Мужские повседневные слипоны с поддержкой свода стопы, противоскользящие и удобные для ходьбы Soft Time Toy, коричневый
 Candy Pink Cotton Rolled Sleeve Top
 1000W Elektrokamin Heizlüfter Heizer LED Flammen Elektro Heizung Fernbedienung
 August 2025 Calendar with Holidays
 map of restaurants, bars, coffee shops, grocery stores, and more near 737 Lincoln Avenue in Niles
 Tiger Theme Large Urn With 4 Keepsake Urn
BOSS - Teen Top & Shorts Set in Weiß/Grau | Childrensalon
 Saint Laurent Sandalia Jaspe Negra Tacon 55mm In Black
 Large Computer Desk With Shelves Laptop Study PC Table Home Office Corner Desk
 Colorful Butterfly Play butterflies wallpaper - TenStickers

WHAT THIS TASK INVOLVES:
Output all of the data again. Match it exactly.

TASK ANSWER:
Мужские повседневные слипоны с поддержкой свода стопы, противоскользящие и удобные для ходьбы Soft Time Toy, коричневый
 Candy Pink Cotton Rolled Sleeve Top
 1000W Elektrokamin Heizlüfter Heizer LED Flammen Elektro Heizung Fernbedienung
 August 2025 Calendar with Holidays
 map of restaurants, bars, coffee shops, grocery stores, and more near 737 Lincoln Avenue in Niles
 Tiger Theme Large Urn With 4 Keepsake Urn
BOSS - Teen Top & Shorts Set in Weiß/Grau | Childrensalon
 Saint Laurent Sandalia Jaspe Negra Tacon 55mm In Black
 Large Computer Desk With Shelves Laptop Study PC Table Home Office Corner Desk
 Colorful Butterfly Play butterflies wallpaper - TenStickers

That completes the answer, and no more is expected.